The United States and Turkey have signed an agreement to train and arm Syrian rebels fighting against the “Islamist State” group. Washington and Ankara have been in talks about such a pact for several months.
“The agreement was signed by the foreign ministry undersecretary and the U.S. ambassador,” a U.S. embassy spokesman in Ankara said on Thursday.
The deal was inked by Turkish Foreign Ministry Undersecretary Feridun Sinirlioglu and U.S. Ambassador to Ankara John Bass.
The U.S. military has said it is planning to send more than 400 troops, including special operations forces, to train Syrian opposition fighters at sites outside Syria as part of the fight against “IS” militants. U.S. officials have said they plan to train about 5,000 Syrian fighters per year for three years under the plan.
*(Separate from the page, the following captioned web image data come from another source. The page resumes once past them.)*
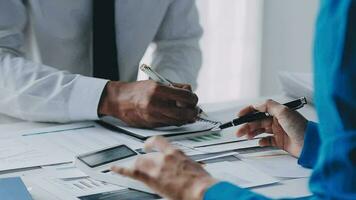 Team of business people working together in the meeting room office, teamwork background charts and graphs banner, double exposure successful teamwork,business planning concept. video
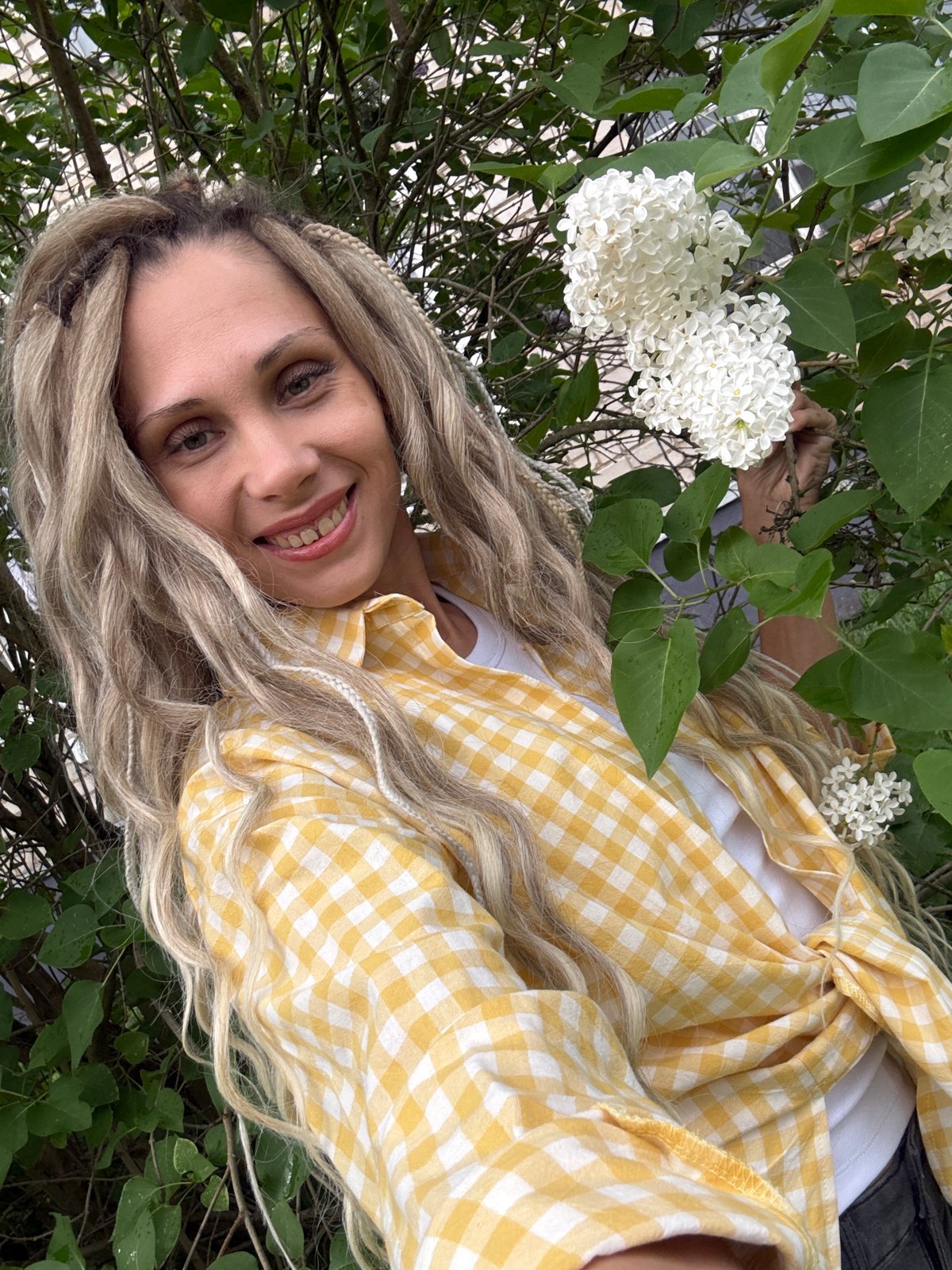 Woman photographed with flowering lilac bush in Zavolzhye, Russia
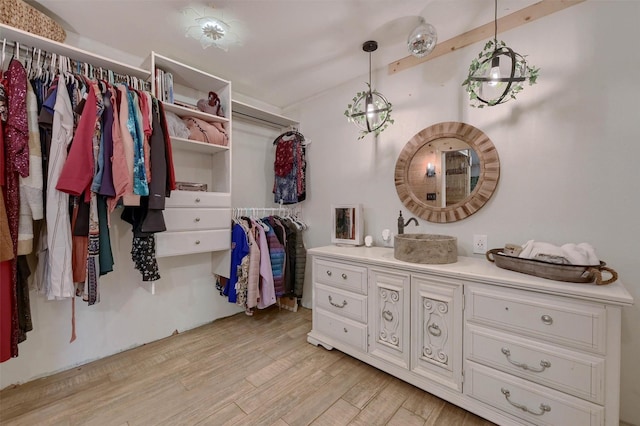 spacious closet with sink and light hardwood / wood-style flooring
The Turkish government said the training could begin as early as next month. Ankara hopes the training will bolster the weakened and divided Syrian opposition in its war against Syrian President Bashar al-Assad.
Saudi Arabia and Qatar, as well as Turkey, have offered to host training sites.
Turkey sees the Free Syrian Army as a key actor in Syria’s conflict but the group has been riven by division and suffered setbacks at the hands of government forces and other rebel factions.
With its 750 mile border (1,200 kilometers) with Syria, Turkey is a key part of the US-led coalition against the Islamic State group. But negotiations with the US over what to do about the Islamic militants have been fraught with disagreement – with Turkey insisting that the coalition needs to also target the Assad government.